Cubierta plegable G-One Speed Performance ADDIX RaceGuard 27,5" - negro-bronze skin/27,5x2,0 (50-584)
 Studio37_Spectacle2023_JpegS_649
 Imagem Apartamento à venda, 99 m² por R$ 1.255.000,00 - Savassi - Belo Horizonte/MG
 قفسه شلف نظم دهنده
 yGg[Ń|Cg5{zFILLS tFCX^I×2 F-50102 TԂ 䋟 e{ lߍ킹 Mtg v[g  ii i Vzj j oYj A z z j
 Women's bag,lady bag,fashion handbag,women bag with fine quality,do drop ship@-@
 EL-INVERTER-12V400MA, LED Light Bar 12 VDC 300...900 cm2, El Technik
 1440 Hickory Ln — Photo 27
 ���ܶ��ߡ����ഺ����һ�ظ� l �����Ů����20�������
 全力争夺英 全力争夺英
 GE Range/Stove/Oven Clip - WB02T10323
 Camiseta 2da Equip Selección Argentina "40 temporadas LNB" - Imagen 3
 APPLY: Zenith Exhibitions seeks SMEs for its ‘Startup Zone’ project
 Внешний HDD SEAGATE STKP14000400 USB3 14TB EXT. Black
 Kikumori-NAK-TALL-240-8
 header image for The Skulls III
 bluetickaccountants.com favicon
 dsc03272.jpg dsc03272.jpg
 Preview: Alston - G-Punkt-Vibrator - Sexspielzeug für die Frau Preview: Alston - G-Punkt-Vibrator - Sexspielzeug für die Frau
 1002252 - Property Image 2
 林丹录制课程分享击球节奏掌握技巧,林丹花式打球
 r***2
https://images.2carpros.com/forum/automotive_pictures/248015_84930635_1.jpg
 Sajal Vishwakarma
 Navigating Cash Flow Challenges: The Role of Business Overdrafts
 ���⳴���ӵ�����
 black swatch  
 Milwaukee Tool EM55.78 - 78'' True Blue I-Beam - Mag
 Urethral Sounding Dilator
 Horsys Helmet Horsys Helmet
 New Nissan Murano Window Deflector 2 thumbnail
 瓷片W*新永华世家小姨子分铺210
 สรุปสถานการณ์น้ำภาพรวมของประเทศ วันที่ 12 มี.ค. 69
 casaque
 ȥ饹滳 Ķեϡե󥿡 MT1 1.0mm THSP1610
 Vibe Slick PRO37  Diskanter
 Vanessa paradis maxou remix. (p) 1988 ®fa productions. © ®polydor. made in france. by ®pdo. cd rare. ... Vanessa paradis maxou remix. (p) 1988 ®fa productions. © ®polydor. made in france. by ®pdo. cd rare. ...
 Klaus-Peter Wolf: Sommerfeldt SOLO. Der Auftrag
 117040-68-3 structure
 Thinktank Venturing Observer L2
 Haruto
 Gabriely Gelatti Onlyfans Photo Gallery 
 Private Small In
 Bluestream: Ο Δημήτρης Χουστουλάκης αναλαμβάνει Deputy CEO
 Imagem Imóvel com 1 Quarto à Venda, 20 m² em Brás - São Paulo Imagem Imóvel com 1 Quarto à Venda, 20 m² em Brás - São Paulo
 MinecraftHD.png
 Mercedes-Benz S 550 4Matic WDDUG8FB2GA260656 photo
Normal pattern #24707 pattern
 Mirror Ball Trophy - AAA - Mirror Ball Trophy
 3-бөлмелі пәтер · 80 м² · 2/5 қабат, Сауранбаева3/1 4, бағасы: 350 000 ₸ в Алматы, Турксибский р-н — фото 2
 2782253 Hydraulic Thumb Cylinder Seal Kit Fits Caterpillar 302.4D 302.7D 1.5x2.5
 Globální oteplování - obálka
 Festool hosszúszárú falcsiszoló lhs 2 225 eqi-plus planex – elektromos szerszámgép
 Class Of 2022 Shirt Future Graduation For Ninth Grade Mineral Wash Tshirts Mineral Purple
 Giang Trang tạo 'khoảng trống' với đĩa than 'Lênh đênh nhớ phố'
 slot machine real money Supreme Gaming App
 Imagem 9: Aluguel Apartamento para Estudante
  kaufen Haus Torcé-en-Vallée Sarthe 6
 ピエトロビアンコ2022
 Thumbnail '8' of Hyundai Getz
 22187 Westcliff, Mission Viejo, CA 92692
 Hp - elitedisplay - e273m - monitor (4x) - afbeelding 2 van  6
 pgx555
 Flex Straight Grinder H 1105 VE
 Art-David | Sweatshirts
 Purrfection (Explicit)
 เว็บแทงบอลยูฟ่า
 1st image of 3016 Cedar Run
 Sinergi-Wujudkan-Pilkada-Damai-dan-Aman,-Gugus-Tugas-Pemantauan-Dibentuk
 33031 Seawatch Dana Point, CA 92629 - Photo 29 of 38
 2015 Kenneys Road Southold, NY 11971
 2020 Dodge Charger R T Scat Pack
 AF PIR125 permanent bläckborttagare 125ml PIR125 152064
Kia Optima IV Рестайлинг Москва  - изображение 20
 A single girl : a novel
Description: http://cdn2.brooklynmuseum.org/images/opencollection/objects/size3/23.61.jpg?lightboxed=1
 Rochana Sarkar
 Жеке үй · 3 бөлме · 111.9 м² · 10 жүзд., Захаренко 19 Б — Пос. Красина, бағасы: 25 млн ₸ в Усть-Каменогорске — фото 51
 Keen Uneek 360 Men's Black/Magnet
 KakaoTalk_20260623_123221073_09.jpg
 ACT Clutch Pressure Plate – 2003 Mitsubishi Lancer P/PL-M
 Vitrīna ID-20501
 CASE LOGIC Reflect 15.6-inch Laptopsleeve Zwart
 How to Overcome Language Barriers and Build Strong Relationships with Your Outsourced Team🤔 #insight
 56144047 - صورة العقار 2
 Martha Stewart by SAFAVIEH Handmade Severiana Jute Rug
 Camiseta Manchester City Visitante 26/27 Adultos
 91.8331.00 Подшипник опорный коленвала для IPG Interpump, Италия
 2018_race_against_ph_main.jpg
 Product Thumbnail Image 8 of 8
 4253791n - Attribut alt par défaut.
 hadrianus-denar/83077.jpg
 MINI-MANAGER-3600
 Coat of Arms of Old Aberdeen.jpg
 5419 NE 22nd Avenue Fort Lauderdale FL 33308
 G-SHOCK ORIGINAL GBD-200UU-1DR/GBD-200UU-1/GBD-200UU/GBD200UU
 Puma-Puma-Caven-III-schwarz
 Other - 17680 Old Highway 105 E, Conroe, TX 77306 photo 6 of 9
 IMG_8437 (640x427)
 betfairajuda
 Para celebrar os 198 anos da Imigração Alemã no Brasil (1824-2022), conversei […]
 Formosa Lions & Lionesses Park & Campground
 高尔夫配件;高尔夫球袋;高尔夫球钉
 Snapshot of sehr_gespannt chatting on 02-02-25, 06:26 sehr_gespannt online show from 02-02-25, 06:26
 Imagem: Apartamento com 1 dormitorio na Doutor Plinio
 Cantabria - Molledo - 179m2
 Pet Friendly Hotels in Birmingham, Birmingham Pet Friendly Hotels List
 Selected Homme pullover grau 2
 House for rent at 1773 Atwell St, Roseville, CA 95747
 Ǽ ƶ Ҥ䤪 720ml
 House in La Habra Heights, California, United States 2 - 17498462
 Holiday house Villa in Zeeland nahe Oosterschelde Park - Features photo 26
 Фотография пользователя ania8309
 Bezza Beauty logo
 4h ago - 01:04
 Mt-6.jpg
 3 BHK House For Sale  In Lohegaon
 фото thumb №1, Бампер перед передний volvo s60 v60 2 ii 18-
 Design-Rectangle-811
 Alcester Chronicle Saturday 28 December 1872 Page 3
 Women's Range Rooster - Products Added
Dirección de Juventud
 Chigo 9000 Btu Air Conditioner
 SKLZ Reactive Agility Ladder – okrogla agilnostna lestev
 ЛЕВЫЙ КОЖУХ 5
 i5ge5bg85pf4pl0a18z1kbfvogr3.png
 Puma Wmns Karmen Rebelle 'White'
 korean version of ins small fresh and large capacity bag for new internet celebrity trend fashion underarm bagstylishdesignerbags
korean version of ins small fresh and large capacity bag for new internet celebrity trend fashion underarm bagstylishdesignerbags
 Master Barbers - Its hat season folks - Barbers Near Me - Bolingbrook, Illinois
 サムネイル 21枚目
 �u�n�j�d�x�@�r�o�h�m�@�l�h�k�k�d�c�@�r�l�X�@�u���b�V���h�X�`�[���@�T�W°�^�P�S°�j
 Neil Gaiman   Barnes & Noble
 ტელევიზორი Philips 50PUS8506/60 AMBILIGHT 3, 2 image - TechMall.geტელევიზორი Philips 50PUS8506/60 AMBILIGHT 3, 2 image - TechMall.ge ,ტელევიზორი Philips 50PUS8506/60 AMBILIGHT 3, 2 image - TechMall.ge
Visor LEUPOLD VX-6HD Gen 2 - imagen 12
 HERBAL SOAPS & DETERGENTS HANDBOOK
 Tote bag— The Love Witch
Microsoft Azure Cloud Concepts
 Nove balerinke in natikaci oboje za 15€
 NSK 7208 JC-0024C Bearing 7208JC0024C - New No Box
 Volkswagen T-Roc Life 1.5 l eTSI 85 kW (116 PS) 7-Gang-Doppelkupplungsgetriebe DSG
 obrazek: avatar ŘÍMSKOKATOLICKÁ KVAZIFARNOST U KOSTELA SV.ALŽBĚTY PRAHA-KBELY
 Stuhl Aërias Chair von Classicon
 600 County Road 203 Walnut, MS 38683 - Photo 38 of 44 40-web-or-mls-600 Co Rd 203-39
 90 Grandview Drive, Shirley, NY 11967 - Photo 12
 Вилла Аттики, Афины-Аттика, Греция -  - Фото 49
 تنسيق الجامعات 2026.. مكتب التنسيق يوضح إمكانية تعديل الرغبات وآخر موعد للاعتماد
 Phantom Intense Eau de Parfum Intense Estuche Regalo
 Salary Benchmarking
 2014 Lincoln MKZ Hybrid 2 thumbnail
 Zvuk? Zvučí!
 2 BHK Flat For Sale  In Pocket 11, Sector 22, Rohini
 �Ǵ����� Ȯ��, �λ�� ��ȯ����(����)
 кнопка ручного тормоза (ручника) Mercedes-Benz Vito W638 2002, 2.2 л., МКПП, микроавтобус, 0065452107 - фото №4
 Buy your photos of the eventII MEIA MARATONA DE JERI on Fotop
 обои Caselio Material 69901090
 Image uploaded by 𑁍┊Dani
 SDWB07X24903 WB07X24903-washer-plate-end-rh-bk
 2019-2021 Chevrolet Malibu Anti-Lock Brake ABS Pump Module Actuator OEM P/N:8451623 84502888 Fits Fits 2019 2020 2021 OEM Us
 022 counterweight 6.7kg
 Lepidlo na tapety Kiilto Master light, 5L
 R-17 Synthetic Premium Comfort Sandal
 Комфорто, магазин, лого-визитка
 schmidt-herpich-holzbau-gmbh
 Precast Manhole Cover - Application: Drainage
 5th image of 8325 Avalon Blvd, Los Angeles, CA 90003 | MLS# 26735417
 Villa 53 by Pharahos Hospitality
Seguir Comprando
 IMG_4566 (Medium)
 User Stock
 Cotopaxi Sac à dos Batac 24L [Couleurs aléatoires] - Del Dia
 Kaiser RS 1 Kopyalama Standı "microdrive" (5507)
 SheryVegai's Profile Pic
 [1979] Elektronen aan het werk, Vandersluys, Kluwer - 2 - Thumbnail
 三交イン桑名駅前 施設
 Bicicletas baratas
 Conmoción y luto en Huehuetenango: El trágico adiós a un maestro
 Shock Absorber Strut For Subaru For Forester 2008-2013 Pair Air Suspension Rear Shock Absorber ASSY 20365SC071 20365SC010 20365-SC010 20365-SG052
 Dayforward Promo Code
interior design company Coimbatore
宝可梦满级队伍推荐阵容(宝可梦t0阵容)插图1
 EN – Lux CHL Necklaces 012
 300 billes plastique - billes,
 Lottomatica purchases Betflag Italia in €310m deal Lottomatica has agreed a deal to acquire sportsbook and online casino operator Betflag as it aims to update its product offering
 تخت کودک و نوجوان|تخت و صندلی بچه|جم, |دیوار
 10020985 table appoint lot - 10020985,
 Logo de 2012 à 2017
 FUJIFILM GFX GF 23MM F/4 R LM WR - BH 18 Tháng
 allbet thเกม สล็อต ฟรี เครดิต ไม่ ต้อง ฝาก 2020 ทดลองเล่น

══════════

== Exercise brief ==
Out of the data above, set down the lines from the one with "Private Small In" to the one with "Mercedes-Benz S 550", both included, exactly as written and with no additions.

== Answer to this problem ==
 Private Small In
 Bluestream: Ο Δημήτρης Χουστουλάκης αναλαμβάνει Deputy CEO
 Imagem Imóvel com 1 Quarto à Venda, 20 m² em Brás - São Paulo Imagem Imóvel com 1 Quarto à Venda, 20 m² em Brás - São Paulo
 MinecraftHD.png
 Mercedes-Benz S 550 4Matic WDDUG8FB2GA260656 photo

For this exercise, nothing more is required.